Thanksgiving with the dude

30 11 2008

This was my first Thanksgiving spent away from my family. Even when I studied abroad in Denmark, they flew over for the holiday, bringing with them cans of pumpkin that would have cost me $10 in Copenhagen. But since I’m saving money for my trip, I skipped the pricey flight and went to Pittsburgh with Jon. We had a quiet Thanksgiving with his mom and dad; I say quiet because I’m comparing this to my normal Chicago family Thanksgiving, where we have about 25 people and multiple turkeys. So I filled my stomach with tons of his mom’s incredible stuffing, which was followed by a big stomach ache, which was solved with a nap (sitting up, of course) on the love seat in front of Home Alone on TV. Whew.

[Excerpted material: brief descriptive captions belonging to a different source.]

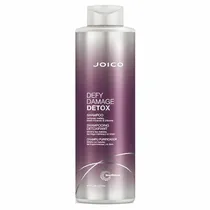 Shampoo Joic...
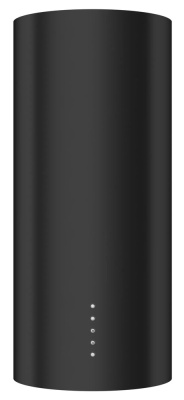 Детальное фото товара: MEFERI TUBE35BK ULTRA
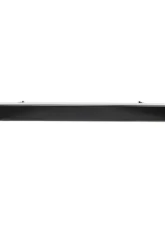 AMD Complete Tail Panel Chevrolet C/K | GMC C15 | K25 1967-1972                                     - 716-4067-3 - Image 3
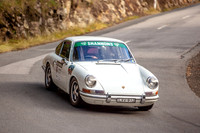#CLASSIC RALLYE - TS10 The Sideling SS-8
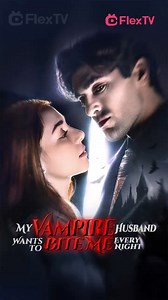 279K views · 6.9K reactions |  Full episodes:...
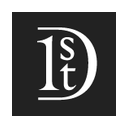 1stdibs logo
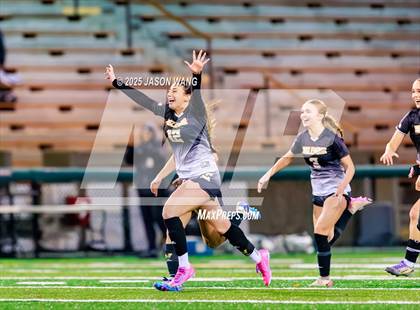 Thumbnail 3 in Highline @ Inglemoor (KingCo Tournament) photogallery.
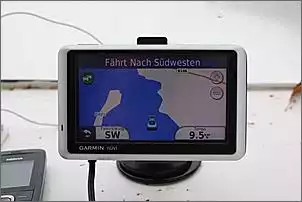 Klicken Sie auf die Grafik fr eine grere Ansicht

Name:	Überfahrt 021.jpg
Hits:	148
Gre:	56,8 KB
ID:	433872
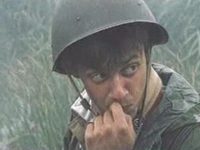  - ! (1990)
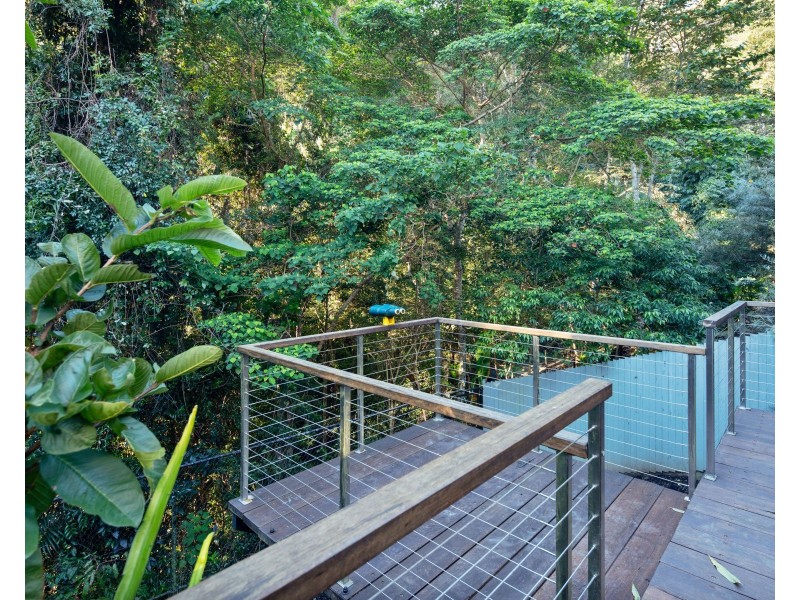 71 Martins Creek Road, Buderim QLD 4556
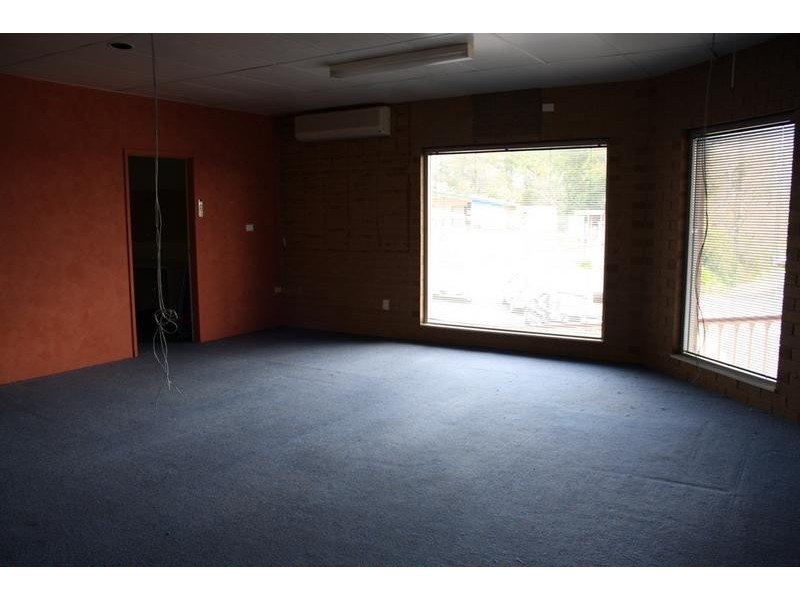 Shop 8/43-49 Commercial Street, Korumburra VIC 3950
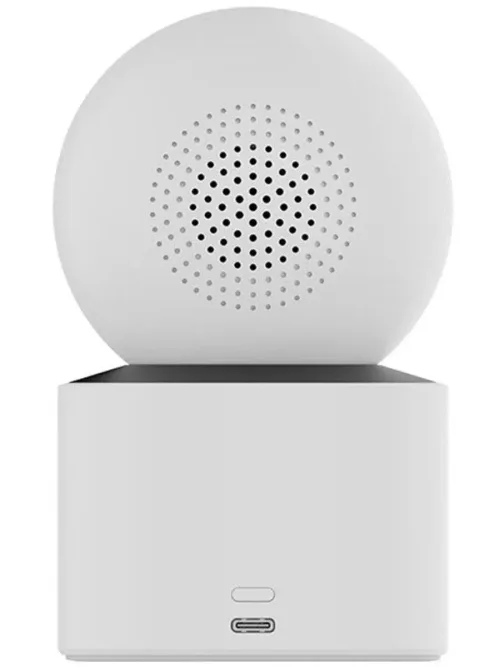 Cameră de supraveghere Xiaomi Smart Camera C500 Dual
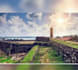 visit anywhere in sri lanka and provide live photography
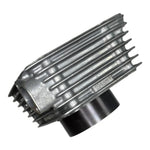 Load image into Gallery viewer, Cilindro XRE 300F Honda Original | Repuestos Honda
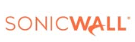 sonicwall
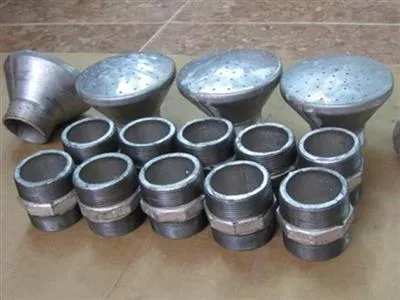 Sản phẩm Thumb_2019042615338_20808_1 — Công Ty TNHH Thương Mại Tân á Hoàn Mỹ — MST 0312433584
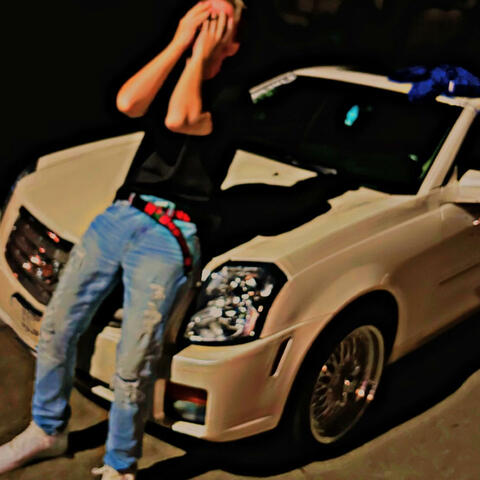 Thru the Night Freestyle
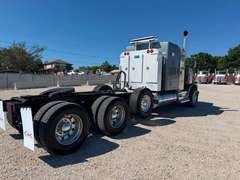 2023 Kenworth T800W photo 10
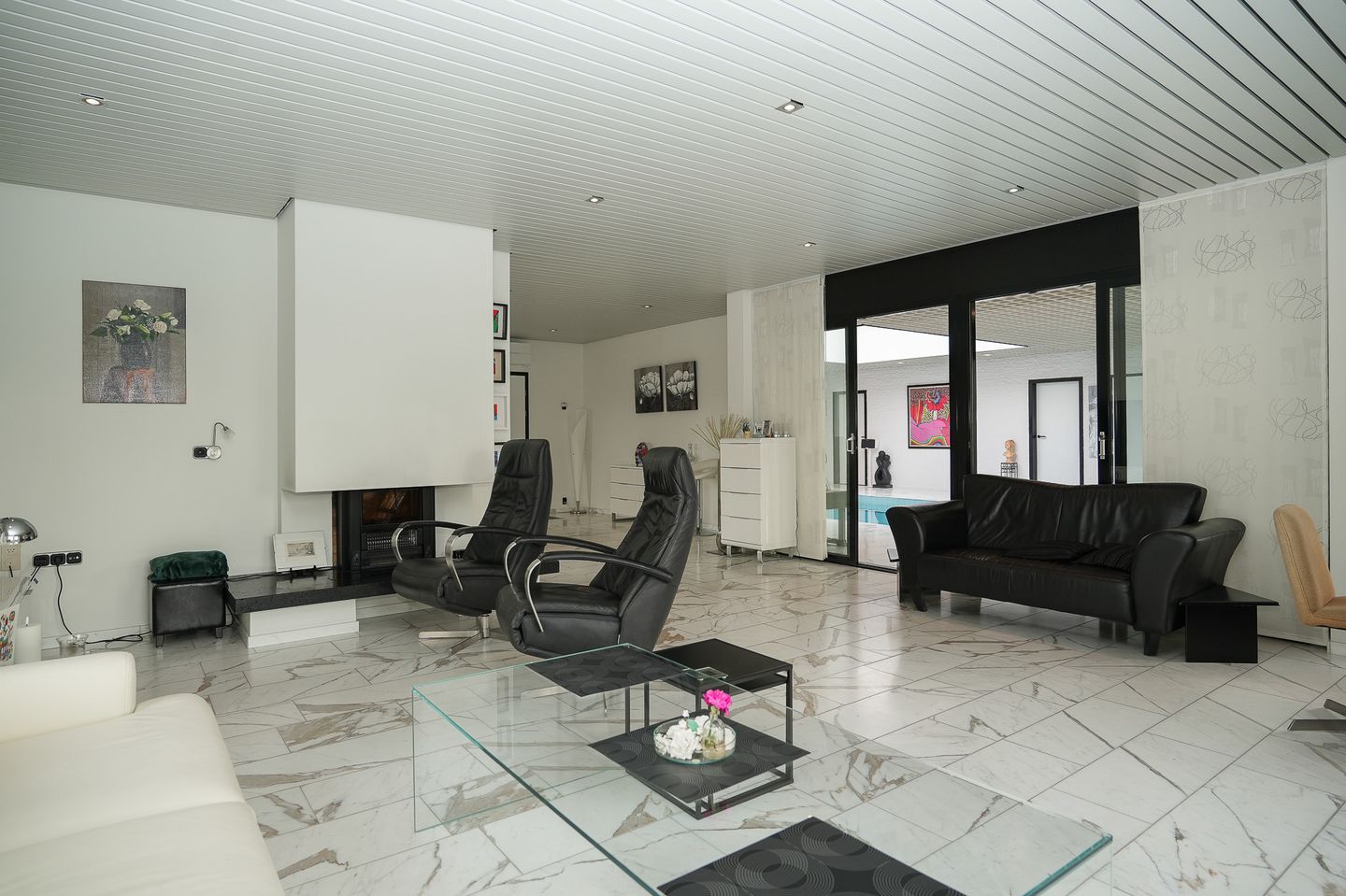 Photo 10 of Groot-Zuideveld 31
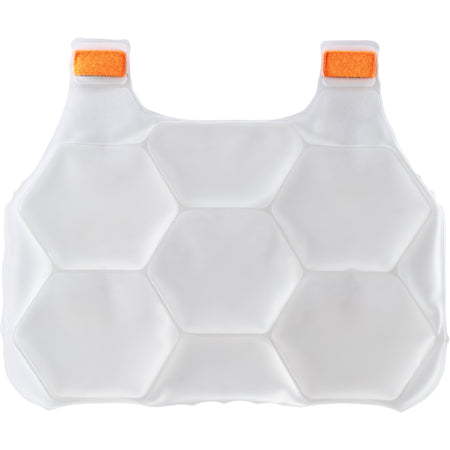 6215 Phase Change Packs for Cooling Vests - SDN607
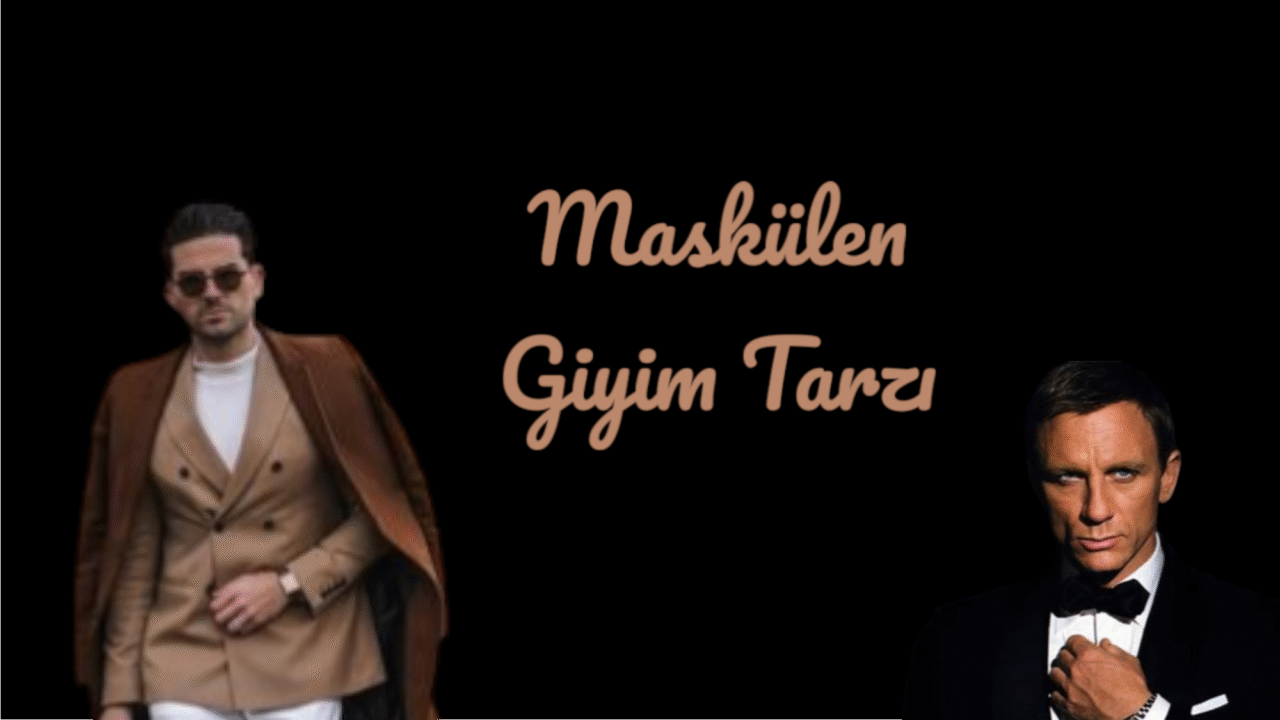 maskulen-giyim-tarzi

When I told people that I was going to Jon’s house for Thanksgiving, some reacted like it was a big deal. “Ooohhh have you met his parents before? Are you nervous?” Well, no. I spent Easter at Jon’s house when we had been dating for about two weeks. That was in 2005. Geez. For some reason I’ve never quite cared about the “meet the parents” phenomenon. But the real point I was getting to is this: When people who don’t know Jon asked me what I was doing for the long weekend, I couldn’t just name-drop “Jon.” I had to call him something. And after 3 years, 8 months, and 16 days (o.m.g.) “boyfriend” just doesn’t seem to cut it. How do you fit in “best-friend-love-of-my-life-roommate-round-the-world-travel-partner” into the word boyfriend? I know this topic has been beaten 500-comments-to-death on Jezebel, but I have to share what I’ve come up with. Last week, when a coworker asked me about Thanksgiving, I said “I’m having it with my dude and his family.” It worked! I didn’t feel like I was in kindergarten when Jennifer asked Michael to be her boyfriend! It felt both cool and accurate!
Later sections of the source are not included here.